Critics have not failed to notice the engagement with questions of creation and “playing God.” Sonia Saraiya’s Variety piece on Westworld is such an example: she notes that the series “seems to be interrogating God, or some idea of God, who would produce a flawed system and observe it from an apparent distance, as the creations struggle to reconcile with and understand themselves.” Yet, she argues that the show does not make its argument explicit. It raises questions and offers no answers. There are reviewers who argue that the show is an allegory for God versus the devil and those who look at it as showing the “god in the machine.” Regardless, the storyline and dialogue make the key debate clear: we are wrestling with questions of creation and free will, which are undeniably linked to traditional religious forms, Christianity in particular.

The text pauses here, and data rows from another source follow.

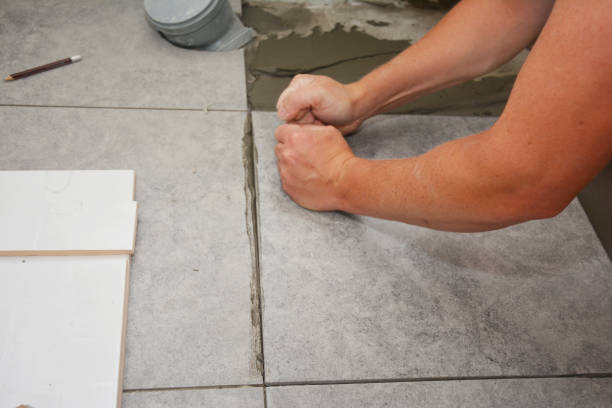 istock Bathroom flooring works. Worker installing ceramic tile on the floor. 1201414387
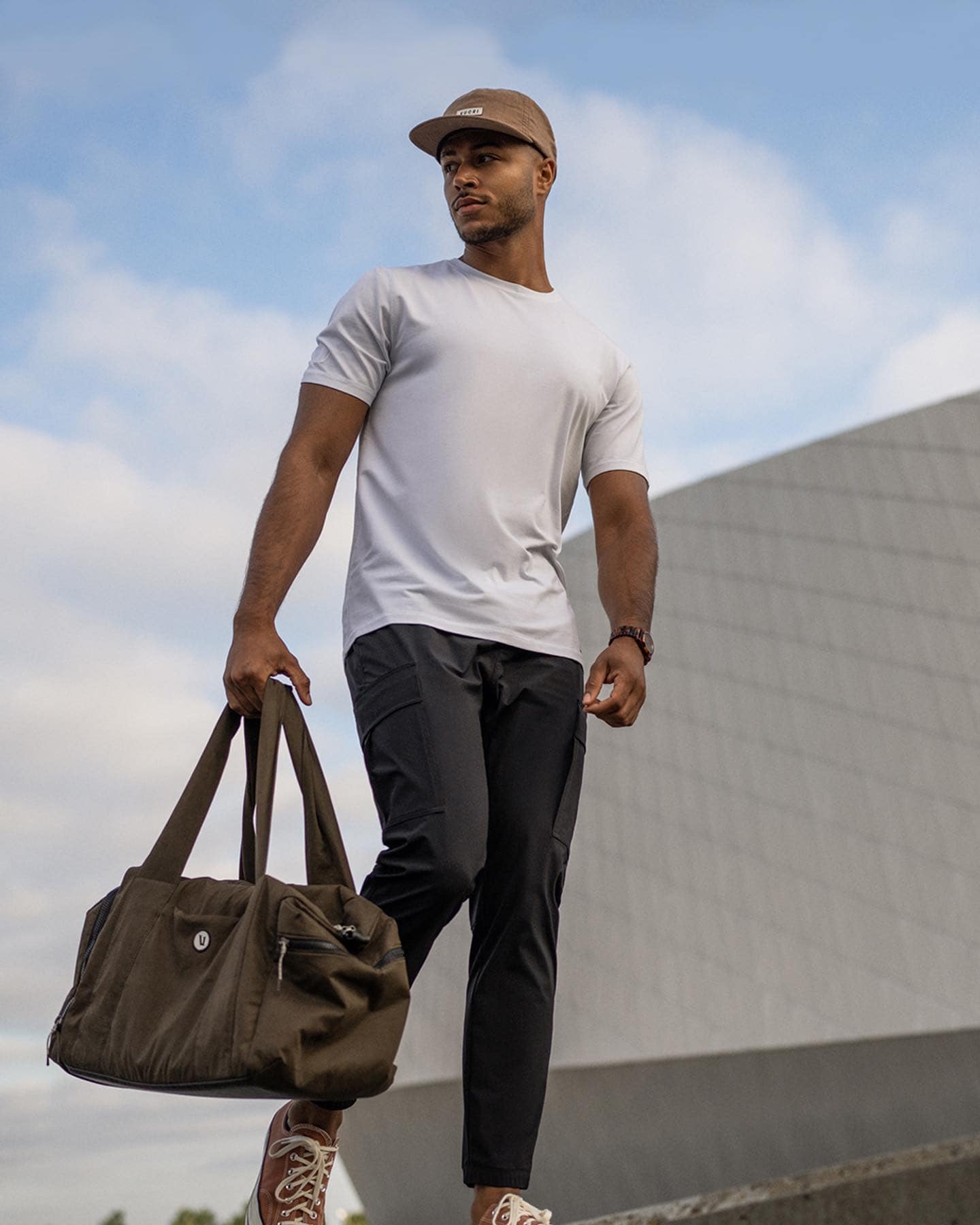 man in white tee carrying a weekender bag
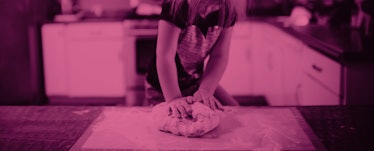 A kid who has realized her natural talent is cooking rolling up dough on a kitchen counter with a pi...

These are questions that will become increasingly relevant as technology continues to progress and we attempt to synthesize what makes us human. Despite the fact that literary works such as Frankenstein have explored these questions before, Westworld looks at it on a wider scale, incorporating cutting-edge technology and a whole world created by men. Yet, the sympathy for the hosts doesn’t reach that elicited for Frankenstein’s monster in the novel. Perhaps this is due to the “uncanny valley” effect – as an android or robot gets closer to resembling being human, it elicits a feeling of fear or dread in humans encountering them. These creations are uncomfortably close to being human and perhaps present a threat to humanity. Westworld may present another updated version of the battle between science and religion, but the issues themselves have not changed. There will continue to be tension between the two as long as people are “playing God” and continuing to worship.